• _Your task_
Once the line holding "Miolo Reserva Vinho" appears, repeat it and each line after it to the end of the data, exactly and with nothing else; pictures stay out.

*** Opening Data for review ***

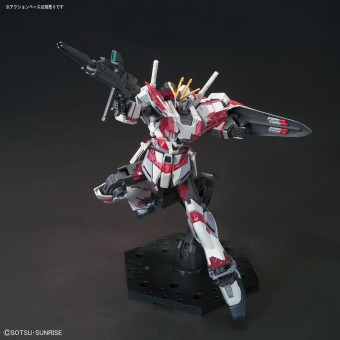 Maqueta HGUC 1/144 RX-9/C Narrative Gundam X-Packs Mobile Suit Gundam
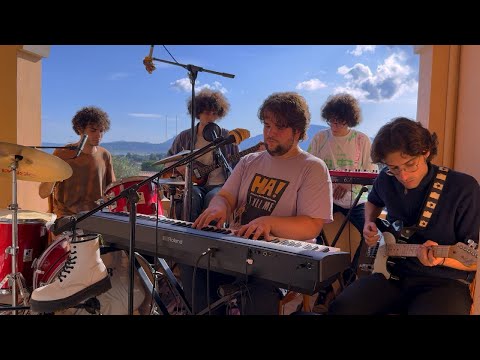 the long and winding road - balcony sessions (feat. lullaby in e major string quartet) 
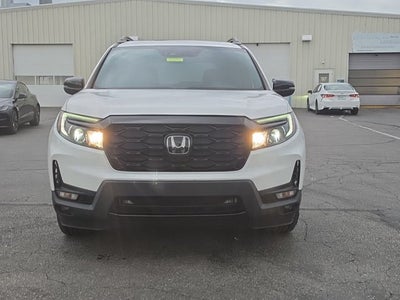 2023 Honda Passport Elite
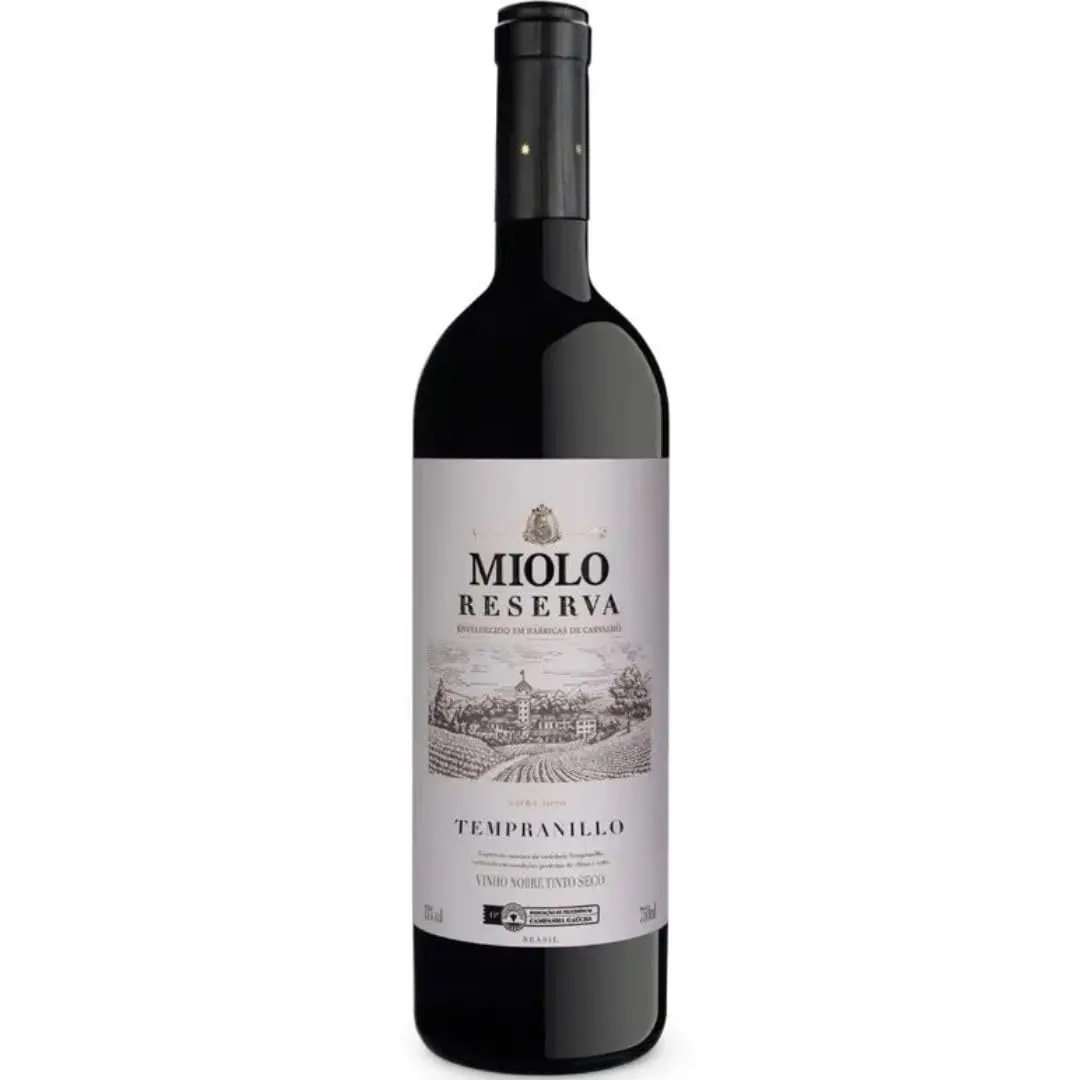 Miolo Reserva Vinho Tinto Seco Tempranillo 750ml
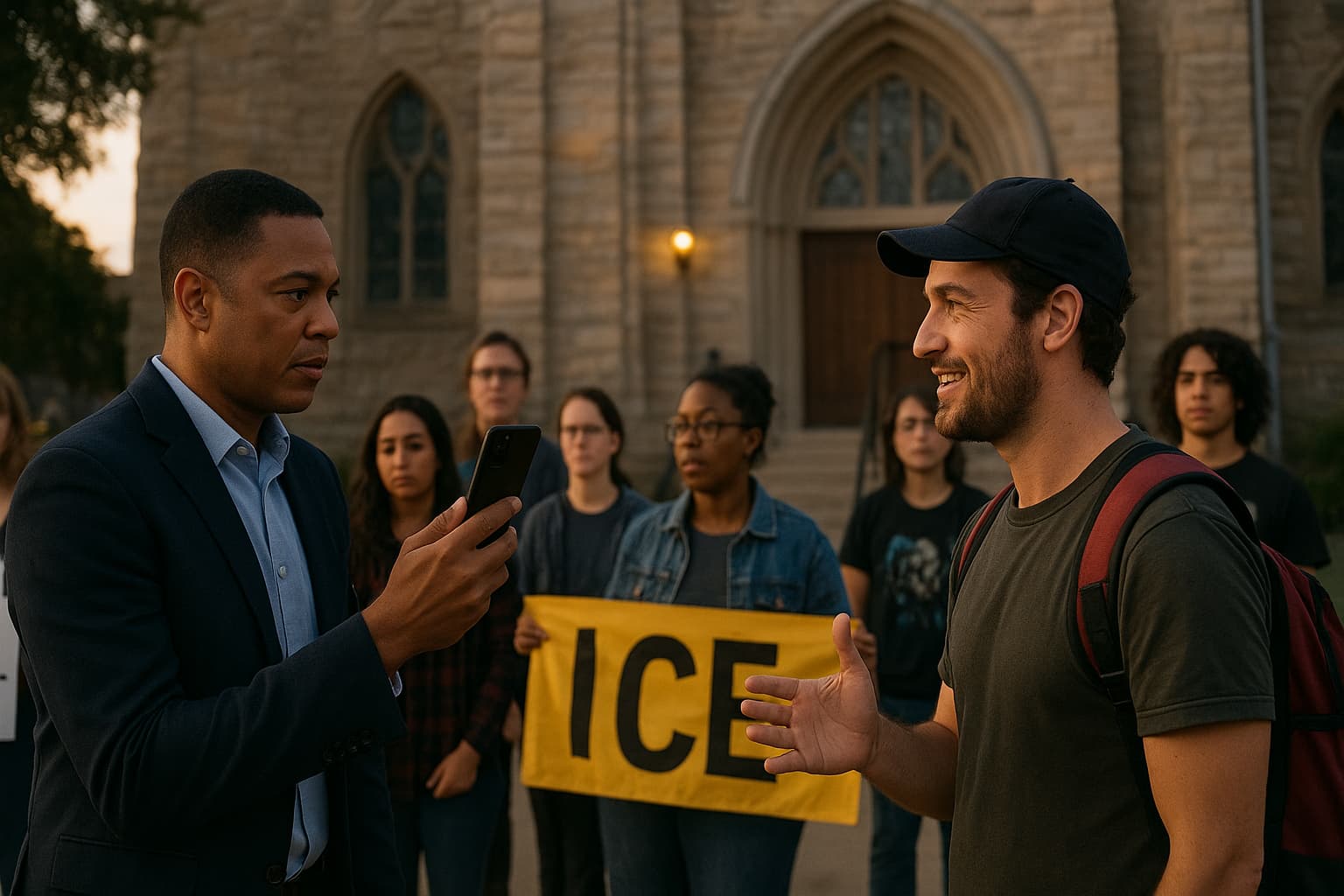 Trump’s Wild Endorsement: Should Don Lemon Face 40 Years Behind Bars?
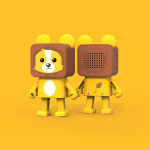 Mobility On Board Högtalare Trådlös Dansande Lejon Mobility On Board Högtalare Trådlös Dansande Lejon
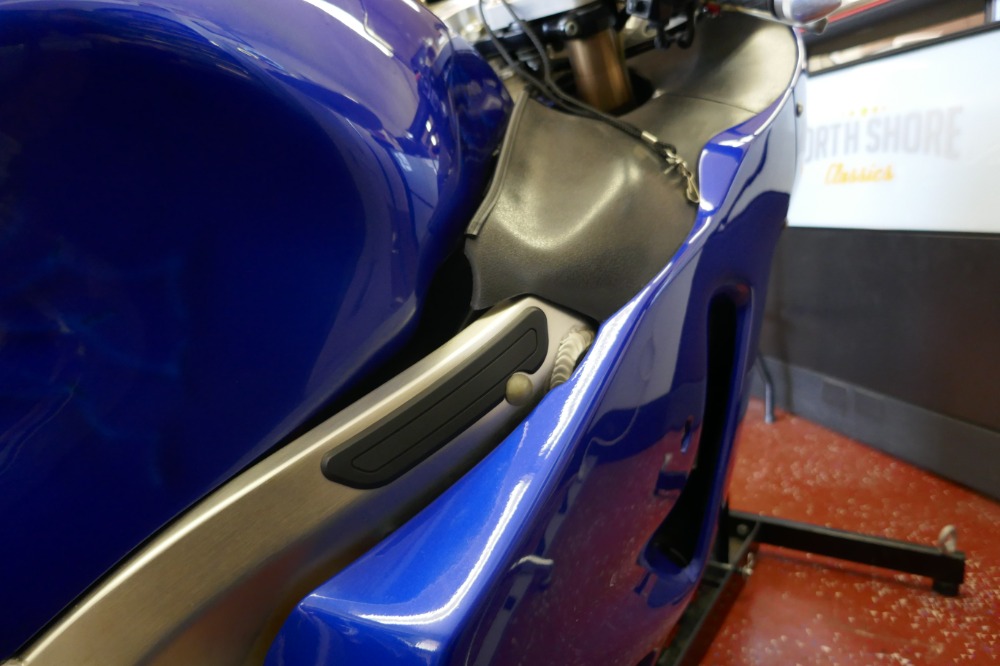 Used 2001 Suzuki Hayabusa - JUST WOW - CUSTOMIZED AND MODIFIED BEAUTY-SEE VIDEO | Mundelein, IL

*** Closing Data for review ***

• _Task result_
 Miolo Reserva Vinho Tinto Seco Tempranillo 750ml
 Trump’s Wild Endorsement: Should Don Lemon Face 40 Years Behind Bars?
 Mobility On Board Högtalare Trådlös Dansande Lejon Mobility On Board Högtalare Trådlös Dansande Lejon
 Used 2001 Suzuki Hayabusa - JUST WOW - CUSTOMIZED AND MODIFIED BEAUTY-SEE VIDEO | Mundelein, IL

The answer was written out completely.